[Items listed in a dataset]

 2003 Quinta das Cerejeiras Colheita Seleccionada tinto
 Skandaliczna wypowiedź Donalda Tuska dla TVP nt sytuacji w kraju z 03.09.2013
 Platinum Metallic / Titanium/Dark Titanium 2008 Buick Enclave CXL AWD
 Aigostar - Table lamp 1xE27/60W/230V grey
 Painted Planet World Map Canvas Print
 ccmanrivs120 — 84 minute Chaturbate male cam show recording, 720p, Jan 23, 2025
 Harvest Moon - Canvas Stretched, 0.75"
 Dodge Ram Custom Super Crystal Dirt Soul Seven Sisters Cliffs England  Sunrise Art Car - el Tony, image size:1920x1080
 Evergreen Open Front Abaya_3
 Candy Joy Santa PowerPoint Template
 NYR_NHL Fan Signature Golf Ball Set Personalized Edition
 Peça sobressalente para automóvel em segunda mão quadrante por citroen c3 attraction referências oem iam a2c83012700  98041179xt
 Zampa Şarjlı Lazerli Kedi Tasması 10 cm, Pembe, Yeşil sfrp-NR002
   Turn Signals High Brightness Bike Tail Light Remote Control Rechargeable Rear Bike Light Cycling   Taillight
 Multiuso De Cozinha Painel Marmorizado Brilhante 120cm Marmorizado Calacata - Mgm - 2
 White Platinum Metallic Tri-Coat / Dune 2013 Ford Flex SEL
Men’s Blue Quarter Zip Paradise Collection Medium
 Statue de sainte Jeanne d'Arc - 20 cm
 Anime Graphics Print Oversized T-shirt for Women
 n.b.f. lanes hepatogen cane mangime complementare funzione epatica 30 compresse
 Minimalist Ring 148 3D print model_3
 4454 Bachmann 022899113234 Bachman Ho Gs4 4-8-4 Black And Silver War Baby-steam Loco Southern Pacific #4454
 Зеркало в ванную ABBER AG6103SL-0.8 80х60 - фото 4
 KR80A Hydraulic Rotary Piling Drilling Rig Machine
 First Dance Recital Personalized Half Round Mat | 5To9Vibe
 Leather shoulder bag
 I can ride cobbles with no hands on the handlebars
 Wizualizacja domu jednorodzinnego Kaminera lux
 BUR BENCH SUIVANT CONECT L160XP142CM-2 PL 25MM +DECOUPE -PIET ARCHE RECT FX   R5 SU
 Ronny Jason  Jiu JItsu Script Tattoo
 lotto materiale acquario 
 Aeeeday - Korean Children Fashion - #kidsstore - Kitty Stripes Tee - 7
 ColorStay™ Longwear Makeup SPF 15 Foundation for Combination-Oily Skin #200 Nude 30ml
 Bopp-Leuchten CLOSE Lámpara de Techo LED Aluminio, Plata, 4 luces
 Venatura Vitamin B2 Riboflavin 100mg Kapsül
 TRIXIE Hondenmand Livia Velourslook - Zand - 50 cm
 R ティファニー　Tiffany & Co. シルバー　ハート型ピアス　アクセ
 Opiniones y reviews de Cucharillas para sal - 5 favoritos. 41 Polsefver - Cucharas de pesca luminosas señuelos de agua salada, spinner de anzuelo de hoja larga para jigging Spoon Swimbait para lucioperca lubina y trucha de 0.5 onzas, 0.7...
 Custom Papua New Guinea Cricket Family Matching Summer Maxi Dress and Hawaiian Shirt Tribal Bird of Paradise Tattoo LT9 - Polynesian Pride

◆ YOUR GOAL ◆
Please retype, without any change, the line containing "Zampa Şarjlı Lazerli" and every line after it to the end of the entries above, and only those.

◆ WRITTEN SOLUTION ◆
 Zampa Şarjlı Lazerli Kedi Tasması 10 cm, Pembe, Yeşil sfrp-NR002
   Turn Signals High Brightness Bike Tail Light Remote Control Rechargeable Rear Bike Light Cycling   Taillight
 Multiuso De Cozinha Painel Marmorizado Brilhante 120cm Marmorizado Calacata - Mgm - 2
 White Platinum Metallic Tri-Coat / Dune 2013 Ford Flex SEL
Men’s Blue Quarter Zip Paradise Collection Medium
 Statue de sainte Jeanne d'Arc - 20 cm
 Anime Graphics Print Oversized T-shirt for Women
 n.b.f. lanes hepatogen cane mangime complementare funzione epatica 30 compresse
 Minimalist Ring 148 3D print model_3
 4454 Bachmann 022899113234 Bachman Ho Gs4 4-8-4 Black And Silver War Baby-steam Loco Southern Pacific #4454
 Зеркало в ванную ABBER AG6103SL-0.8 80х60 - фото 4
 KR80A Hydraulic Rotary Piling Drilling Rig Machine
 First Dance Recital Personalized Half Round Mat | 5To9Vibe
 Leather shoulder bag
 I can ride cobbles with no hands on the handlebars
 Wizualizacja domu jednorodzinnego Kaminera lux
 BUR BENCH SUIVANT CONECT L160XP142CM-2 PL 25MM +DECOUPE -PIET ARCHE RECT FX   R5 SU
 Ronny Jason  Jiu JItsu Script Tattoo
 lotto materiale acquario 
 Aeeeday - Korean Children Fashion - #kidsstore - Kitty Stripes Tee - 7
 ColorStay™ Longwear Makeup SPF 15 Foundation for Combination-Oily Skin #200 Nude 30ml
 Bopp-Leuchten CLOSE Lámpara de Techo LED Aluminio, Plata, 4 luces
 Venatura Vitamin B2 Riboflavin 100mg Kapsül
 TRIXIE Hondenmand Livia Velourslook - Zand - 50 cm
 R ティファニー　Tiffany & Co. シルバー　ハート型ピアス　アクセ
 Opiniones y reviews de Cucharillas para sal - 5 favoritos. 41 Polsefver - Cucharas de pesca luminosas señuelos de agua salada, spinner de anzuelo de hoja larga para jigging Spoon Swimbait para lucioperca lubina y trucha de 0.5 onzas, 0.7...
 Custom Papua New Guinea Cricket Family Matching Summer Maxi Dress and Hawaiian Shirt Tribal Bird of Paradise Tattoo LT9 - Polynesian Pride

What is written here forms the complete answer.